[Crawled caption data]
-------
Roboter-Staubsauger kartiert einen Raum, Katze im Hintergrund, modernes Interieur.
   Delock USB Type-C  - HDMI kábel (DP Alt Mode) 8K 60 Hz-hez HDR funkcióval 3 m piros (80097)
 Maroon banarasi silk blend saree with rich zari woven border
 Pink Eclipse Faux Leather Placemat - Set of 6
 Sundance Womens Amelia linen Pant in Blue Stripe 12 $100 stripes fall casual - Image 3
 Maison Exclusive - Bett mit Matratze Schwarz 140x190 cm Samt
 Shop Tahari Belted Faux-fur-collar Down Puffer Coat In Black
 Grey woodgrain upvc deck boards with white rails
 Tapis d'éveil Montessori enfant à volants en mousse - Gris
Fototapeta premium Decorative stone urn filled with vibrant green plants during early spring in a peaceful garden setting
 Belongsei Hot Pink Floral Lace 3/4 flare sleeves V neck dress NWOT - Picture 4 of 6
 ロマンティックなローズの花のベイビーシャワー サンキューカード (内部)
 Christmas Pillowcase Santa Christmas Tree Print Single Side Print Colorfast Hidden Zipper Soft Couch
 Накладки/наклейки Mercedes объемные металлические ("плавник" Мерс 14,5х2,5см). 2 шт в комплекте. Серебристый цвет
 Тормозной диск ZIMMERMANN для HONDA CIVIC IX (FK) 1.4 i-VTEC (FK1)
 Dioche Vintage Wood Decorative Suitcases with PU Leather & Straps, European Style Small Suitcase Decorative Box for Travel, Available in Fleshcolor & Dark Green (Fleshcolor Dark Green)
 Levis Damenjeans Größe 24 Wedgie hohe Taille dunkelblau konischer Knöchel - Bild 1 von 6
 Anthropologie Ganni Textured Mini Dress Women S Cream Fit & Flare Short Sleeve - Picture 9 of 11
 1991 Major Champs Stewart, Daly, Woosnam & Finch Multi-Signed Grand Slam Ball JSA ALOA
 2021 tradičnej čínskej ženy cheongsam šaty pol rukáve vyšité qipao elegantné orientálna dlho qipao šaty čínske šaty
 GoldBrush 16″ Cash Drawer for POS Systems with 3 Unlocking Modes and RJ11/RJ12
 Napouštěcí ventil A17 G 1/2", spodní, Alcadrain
-------
◆ **Required action**
Every line from the one containing "Dioche Vintage Wood" through the last line above should be retyped exactly; no other lines are wanted.

◆ **Answer area**
 Dioche Vintage Wood Decorative Suitcases with PU Leather & Straps, European Style Small Suitcase Decorative Box for Travel, Available in Fleshcolor & Dark Green (Fleshcolor Dark Green)
 Levis Damenjeans Größe 24 Wedgie hohe Taille dunkelblau konischer Knöchel - Bild 1 von 6
 Anthropologie Ganni Textured Mini Dress Women S Cream Fit & Flare Short Sleeve - Picture 9 of 11
 1991 Major Champs Stewart, Daly, Woosnam & Finch Multi-Signed Grand Slam Ball JSA ALOA
 2021 tradičnej čínskej ženy cheongsam šaty pol rukáve vyšité qipao elegantné orientálna dlho qipao šaty čínske šaty
 GoldBrush 16″ Cash Drawer for POS Systems with 3 Unlocking Modes and RJ11/RJ12
 Napouštěcí ventil A17 G 1/2", spodní, Alcadrain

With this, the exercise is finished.